Адольфик подполз к ребенку. Оба дрожали.
— Как тебя звать-то?
— Руженка, — с трудом выговорила девочка.
— Руженка, — нараспев повторила Терина. — Руженка… я тебе что-то дам, Руженка.
Вскоре она вернулась, спрятав руки за спину. Девчушка таращилась на плетеную корзину с большой ручкой. Прутики посерели от времени.
— Сюда насобираешь цветов, Руженка, — Терина сорвала горсть ромашек и растопырила узловатые пальцы, — так… а еще бузину, понюхай… ха-ха, у тебя желтый нос! Вот бы еще сюда пион или розу, сорви себе внизу. В деревне — там розы свисают с забора, а что висит через забор, то каждый может взять. А как наберешь полную корзинку, станешь цветочки разбрасывать вокруг себя да приговаривать: «Руженка, королева всех цветов!».
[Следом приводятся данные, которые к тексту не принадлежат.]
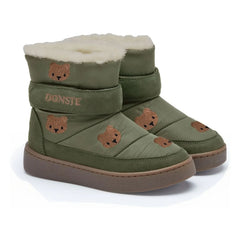 Donsje - Kitto Ayıcık Detaylı Çizme | Haki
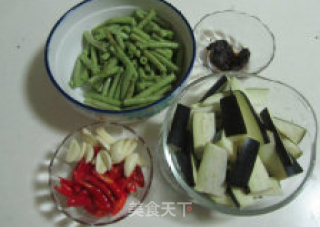 Stir-fried Beans with Eggplant and Tempeh recipe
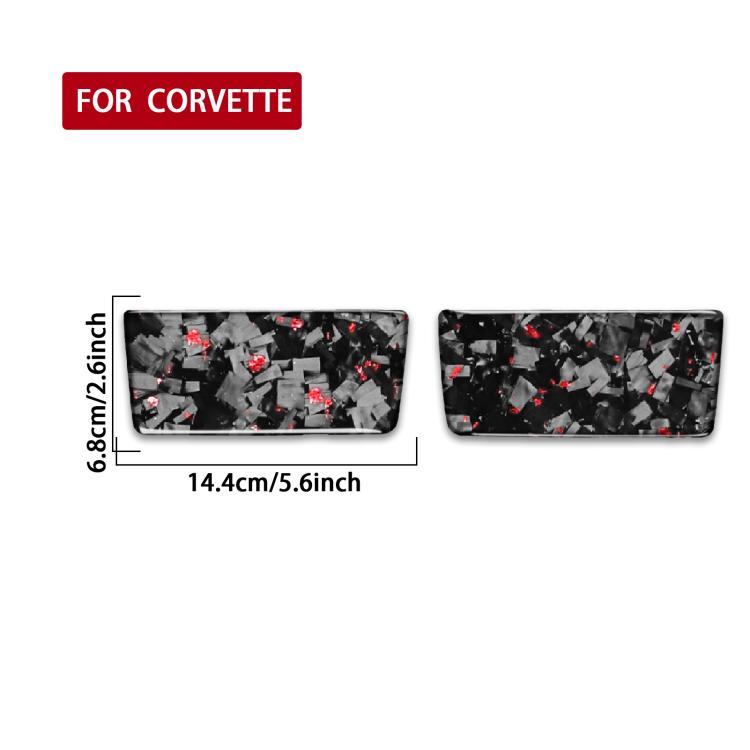 2pcs/Set Forged Gold Foil Carbon Fiber Car Makeup Mirror Panel Decorative Sticker for Chevrolet Corvette C8 2020-, Left and Right Driver, Makeup Mirror Panel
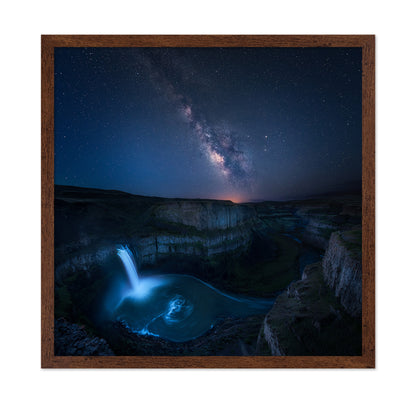 Palouse Waterfall and The Milky Way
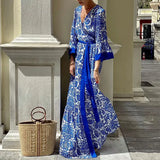 Women's Wear Women's Fashion Bohemian Dress Print Medium Long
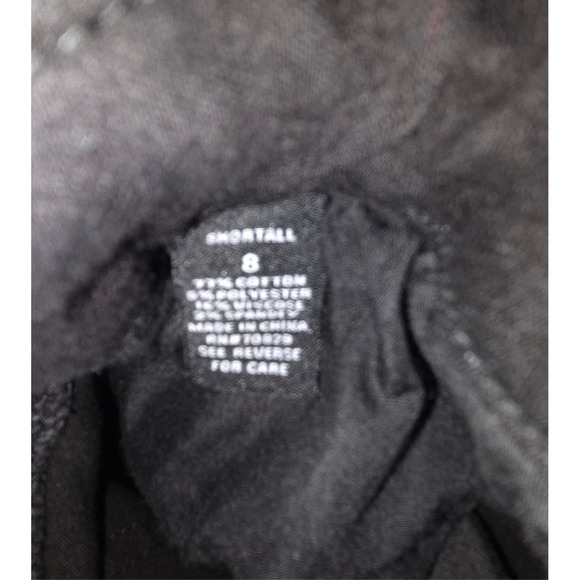 rue21 Overall Shorts Black Distressed Denim Women's Size 8 Stretch - Picture 8 of 8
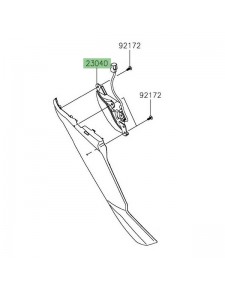 Clignotant avant à Leds Kawasaki Ninja 1000SX (2020-2024)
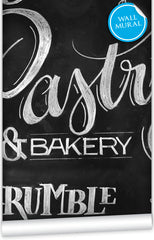 Chalkboard Pastry Shop Wall Mural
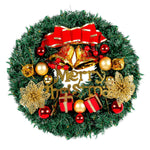Christmas Wreath Door Garland Decoration Front Door Hanging Flowers Tree Decor(J1 - 2)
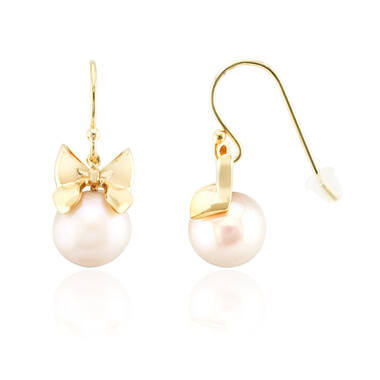 Orecchini in argento con Perla d'Acqua Dolce Bianca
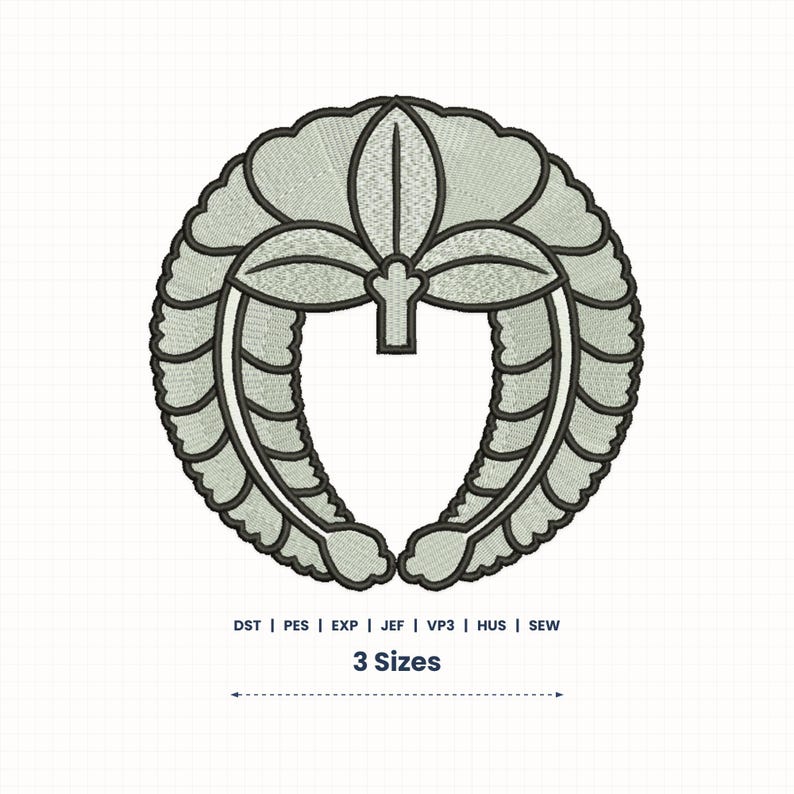 Custom Embroidery Design | 3 Size | Instant Download (photo 1)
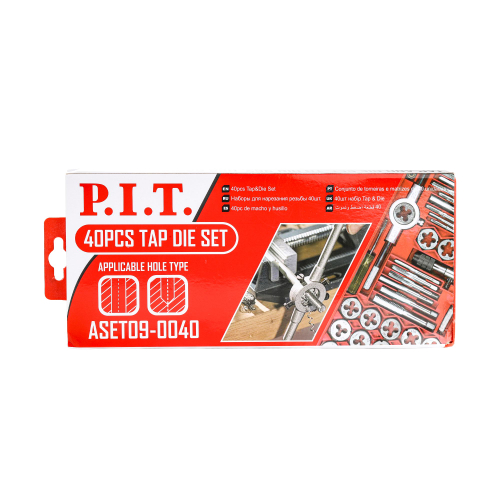 Наборы для нарезания резьбы P.I.T. 40 шт (ASET09-0040)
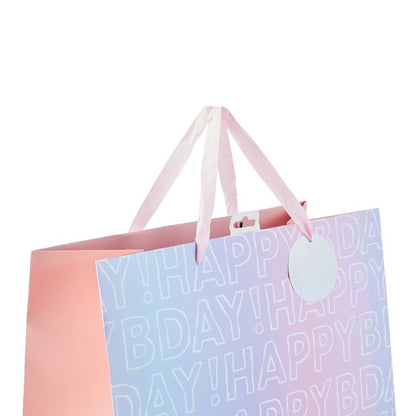 Ombre Happy Birthday Jumbo Gift Bag - Anko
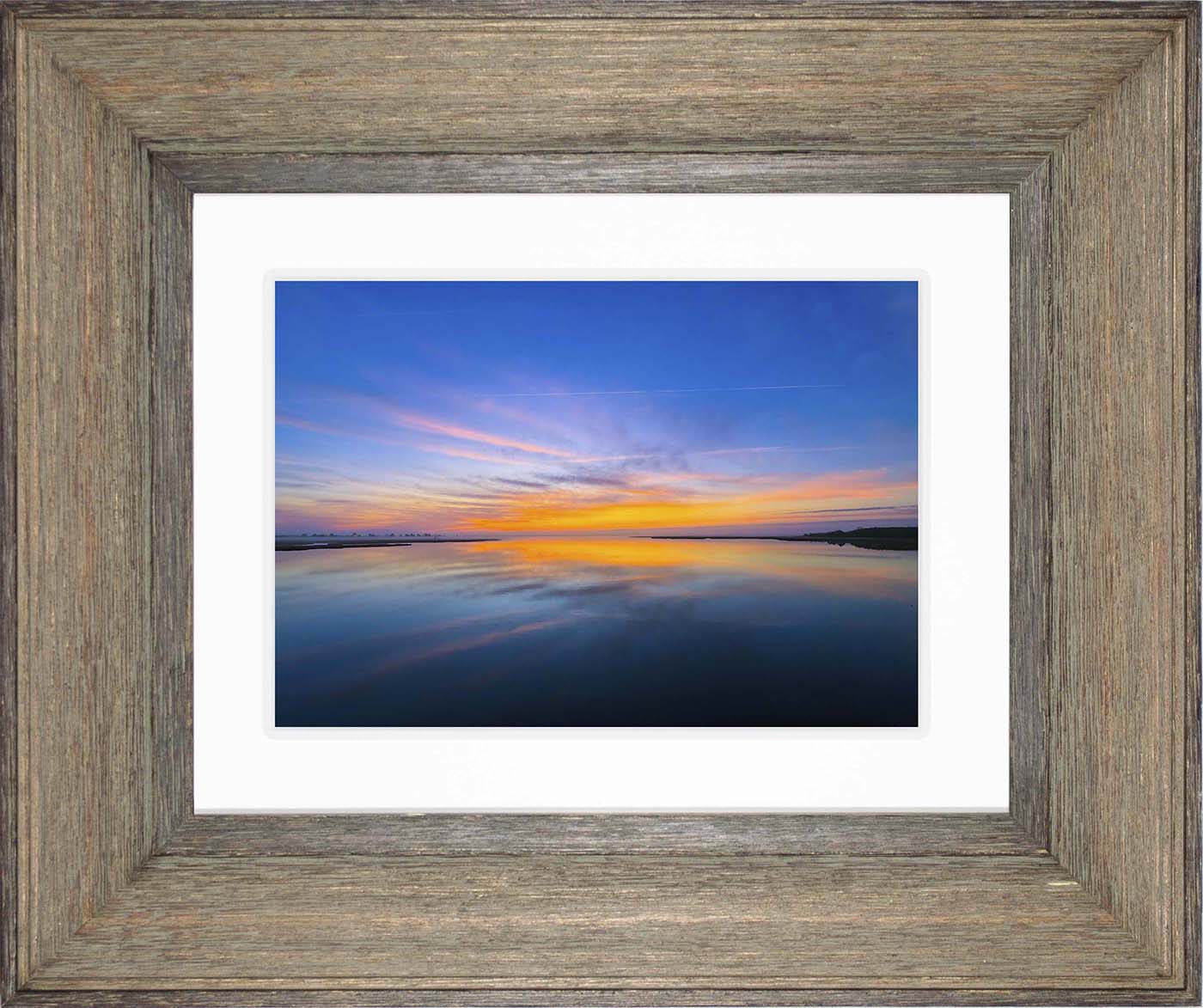 Sunrise over Laws Gut -- Digital Print
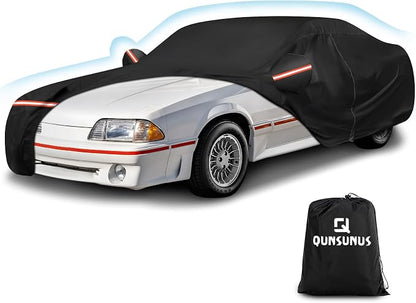 QUNSUNUS Waterproof Car Cover for Ford Mustang 1979-1993, Outdoor Car Covers by QQUNSUNUS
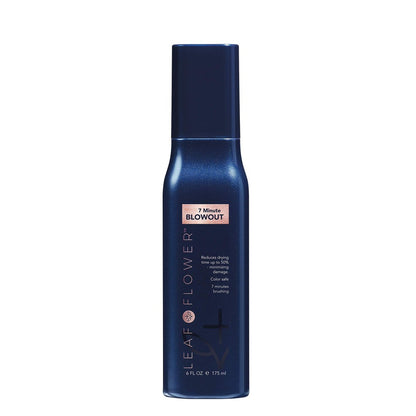 Leaf & Flower 7 Minute Blowout – Fast-Drying Styling Cream for Smooth, Voluminous Hair (6 oz) Avelisse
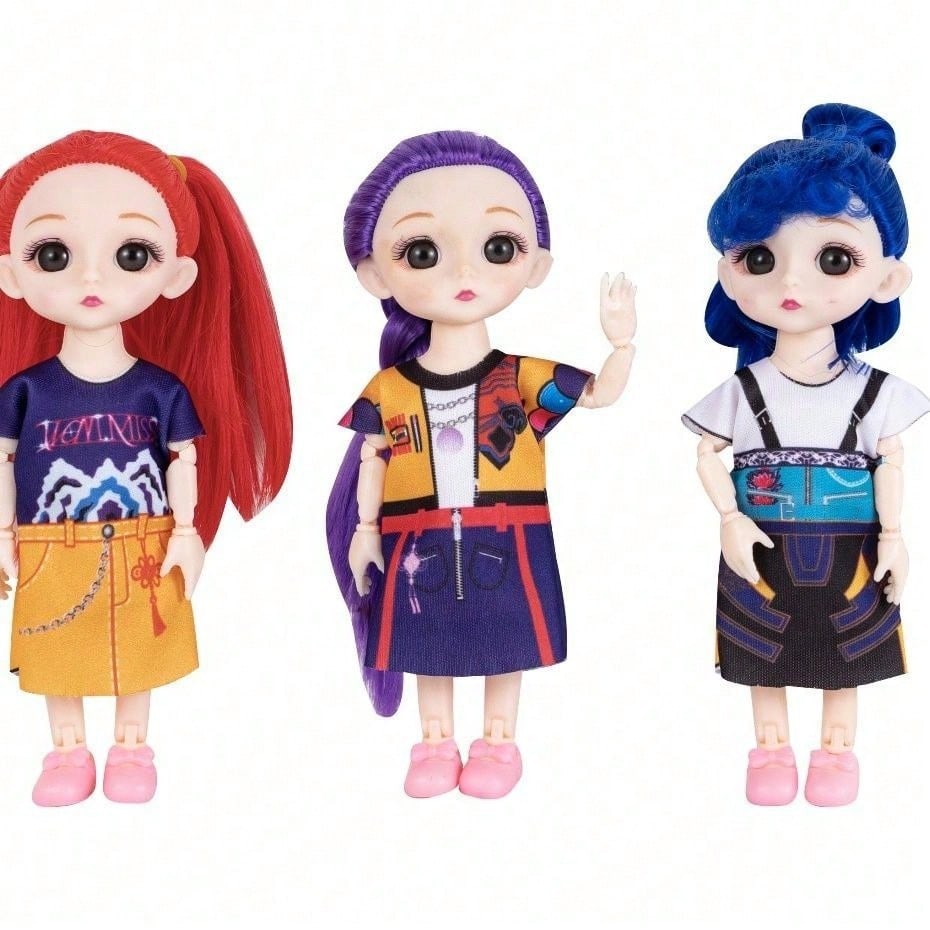 1pc/3pcs K-POP Girl Group Doll, Korean Girl Group Doll Doll, Suitable As Birthday Gift, Party Gift, Back To School Gift, Easter Gift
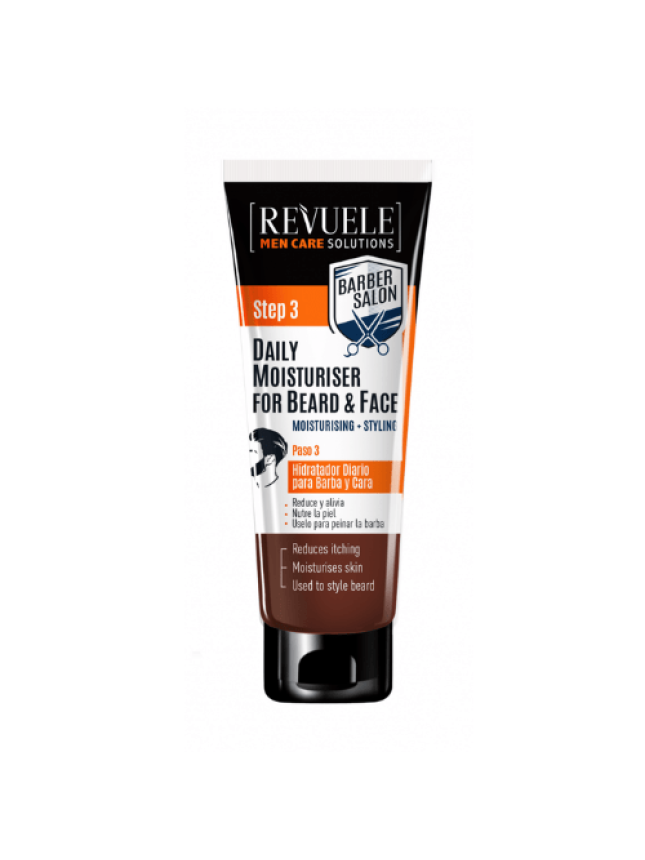 Revuele Moisturiser Beard & Face Ενυδατικό Γενειάδας και Προσώπου 80ml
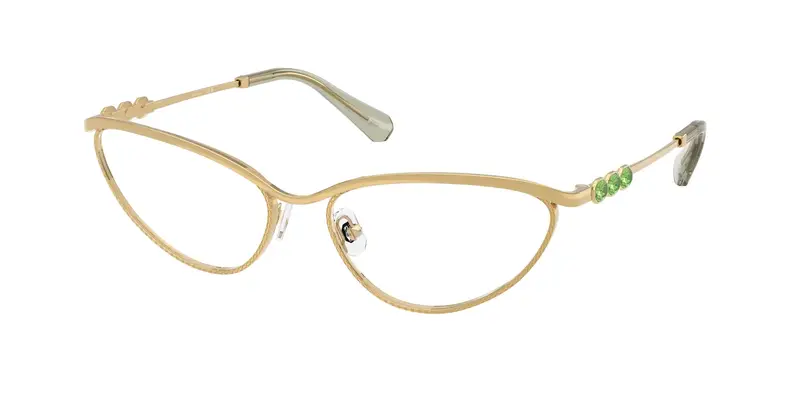 Swarovski Donna SK1027 4036 Montature da vista Metallo Oro Trasparente Cat Eye Normale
— Руженка! — раздался резкий голос. — Ты где спряталась?
— Да вы не беспокойтесь, — сказала Терина, — это ваша дочка?
— Моя, — ответила женщина безрадостно. — Да вы что, не узнаете меня, тетя, я жена Слабого… Он работает на водоотводе.
— И мне казалось, вроде я должна тебя знать, — улыбнулась Терина, — давно не видела. Большая! — показала она пальцем на девочку.
— Что толку, большая-то большая, а ума маловато.
Терина отрицательно покрутила головой.
— Ни на минуту нельзя оставить одну.
— А вы не пробовали свести ее к доктору? — спросила Терина.
— Водили, теперь всю жизнь к нему будем ходить…
Терина опустила в корзину еще одну горсть ромашек. Озабоченно взглянула на небо.
— Беги с мамой домой, Руженка. Глянь, какие тучи. Гроза начнется.
Девочка поставила корзинку на землю.
— Возьми ее себе, Руженка, — улыбнулась Терина, — нарвешь в нее цветов, я тебе дарю ее насовсем…
Небо перестало поливать землю водой, и в воздухе посвежело.
Терина возвращалась домой и заранее радовалась тому, как ее встретят собаки. Отличное мясо дала ей продавщица, отличное…
На кустах шиповника сверкали дождевые капли.
— Ну и красота! — ахнула Терина.
Дорога была хорошая, а на холме трава так разбухла от воды, что очень скоро у старухи зачавкало в башмаках.